# Day 3: McCulloch-Pitts Neurons. World's First Neural Networks.

I uncover the maths behind McCulloch-Pitts Neuron and how it works with Logical functions.

Jun 03, 2021

In the previous article, we went through the theoretical understanding of a blog post. In this blog post, we will understand McCulloch Pitts Neuron and the maths behind it. The paper related to this was published in 1943 and has been an important building block of the Neural Network.

### McCulloch Pitts Neuron (M-P Neuron)

One of the very first traces about Neuron comes from McCulloch Pitts Neural Network - 1943. Although this work was developed in the early forties, many of the principles can still be seen in neural networks today.

#### Assumption of McCullouch & Pitts Neurons :

1. It is divided into two parts input g and output f. The first part g, takes an input and performs aggregation, and based on that value the second part f, makes a decision.
2. These inputs can either be excitatory or inhibitory.
1. Inhibitory inputs have the maximum effect irrespective of other inputs. If Inhibitory input is present neuron will not fire.
2. Excitatory inputs do NOT make the neuron fire on their own but they might get triggered when aggregated together.
3. Input has to be binary $x_{i}$ such that $x_{i}$ ∈ {0, 1}.
4. It has binary output y ∈ {0, 1}, where y = 1 indicates that the neuron fires and y = 0 that it is at rest.
5. $\theta$ here is called Thresholding Parameter. The aggregated value of the neuron coming from the second part f must be greater than this to fire the neuron.

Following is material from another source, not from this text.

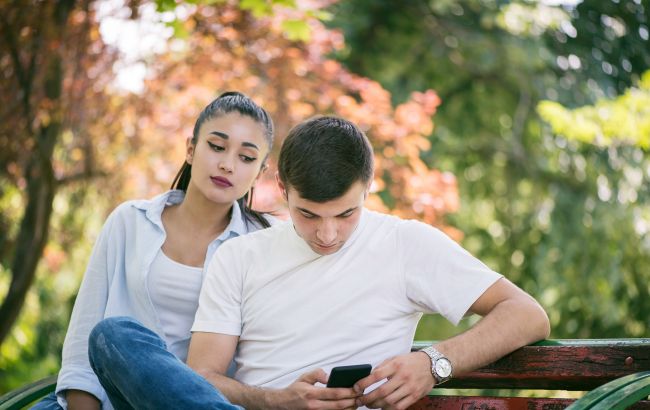 Що жінки роблять не так: 7 речей, які тихо знищують інтерес чоловіка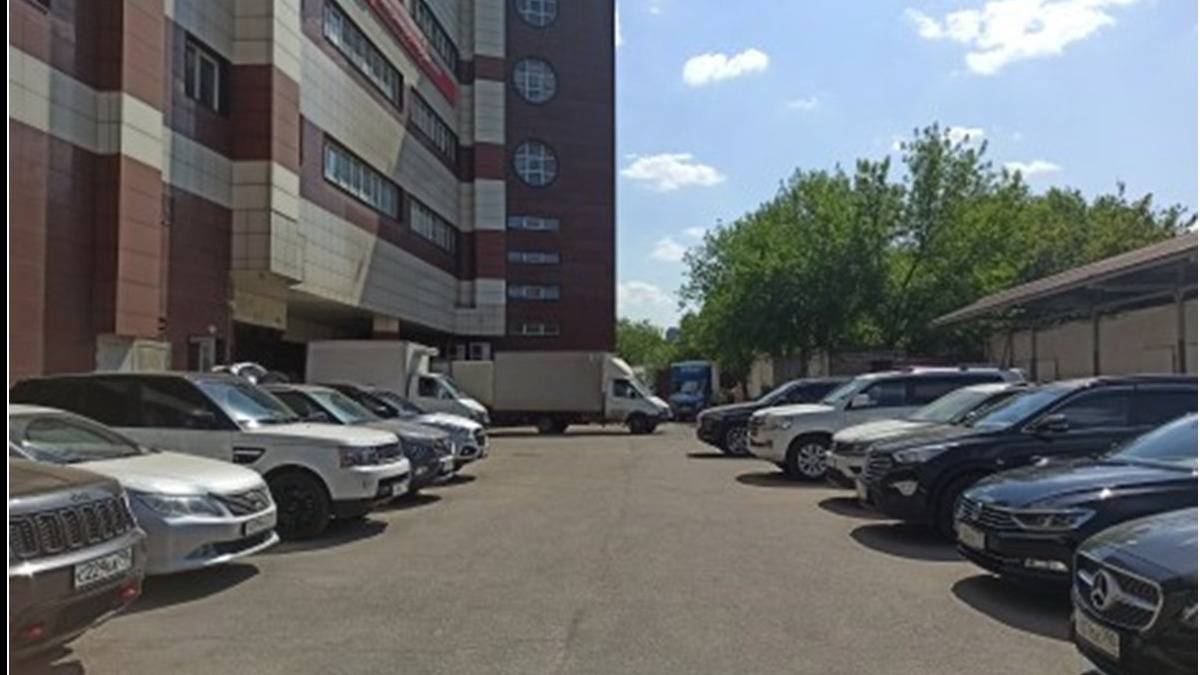 Парковка на 40 машино-мест появилась в Покровском-Стрешневе на месте незаконной автостоянки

McCulloch-Pitts network can be defined as y where

Case 1

y = 0 if $x_{i}$ is inhibitory

Case 2

\begin{aligned} g\left(x_{1}, x_{2}, x_{3}, \ldots, x_{n}\right) &=g(\mathbf{x})=\sum_{i=1}^{n} x_{i} \\ y=f(g(\mathbf{x})) &=1 \quad \text { if } \quad g(\mathbf{x}) \geq \theta \\ &=0 \quad \text { if } \quad g(\mathbf{x})<\theta \\ \end{aligned}

#### Boolean functions using McCullouch-Pitts Neuron

McCullouch-Pitts neuron can be in turn used to create a variety of boolean function as we have to keep in mind they only give binary output.

##### 1. Logical AND Function

An AND function neuron would only fire when all the inputs are ON that is $g(x) \geq 2$. In this case, both inputs x1 and x2 are excitatory inputs.

Possible cases -

1. x1 = 0 & x2 = 0 ; x1 + x2 = 0
2. x1 = 0 & x2 = 1 ; x1 + x2 = 1
3. x1 = 1 & x2 = 0 ; x1 + x2 = 1
4. x1 = 1 & x2 = 1 ; x1 + x2 = 2

As $\theta = 2$ in this case, and rest of g(x) in case-1, 2, 3 will be 0, 1, 1 respectively which is less than $\theta$.

Hence we can create a Logical AND function with M-P Neuron.

##### 2. Logical OR Function

An OR function neuron would fire if any of the inputs are ON that is $g(x) \geq 1$. In this case, both inputs x1 and x2 are excitatory inputs.

Possible cases -

1. x1 = 0 & x2 = 0 ; x1 + x2 = 0
2. x1 = 0 & x2 = 1 ; x1 + x2 = 1
3. x1 = 1 & x2 = 0 ; x1 + x2 = 1
4. x1 = 1 & x2 = 1 ; x1 + x2 = 2

As $\theta = 1$ in this case, and also g(x) in case-1 will be 0 which is less hence it will not fire. In rest cases $g(x) > \theta$ hence firing the neurons.

Hence we can create a Logical OR function with M-P Neuron.

##### 3. Logical NOR Function

A NOR function neuron would fire if only both of the inputs are OFF that is $\theta = 0$. In this case, both inputs x1 and x2 are inhibitory inputs.

Possible cases -

1. x1 = 0 & x2 = 0 ; x1 + x2 = 0
2. x1 = 0 & x2 = 1 ; x1 + x2 = 0 (inhibitory input is 1 which means neuron won't fire)
3. x1 = 1 & x2 = 0 ; x1 + x2 = 1 (inhibitory input is 1 which means neuron won't fire)
4. x1 = 1 & x2 = 1 ; x1 + x2 = 2 (inhibitory input is 1 which means neuron won't fire)

As $\theta = 0$ in this case, and also g(x) in case-1 is 0 hence it will fire. In rest cases $g(x) > \theta$ so not valid

Hence we can create a Logical NOR function with M-P Neuron.

#### Limitation of M-P Neuron.

1. M-P Neurons can not handle non-boolean values which is a huge problem.
2. Similarly, the output can only be binary.
3. Can not handle non-linear outputs like Logical XOR gate.
4. Can not assign weights to the input.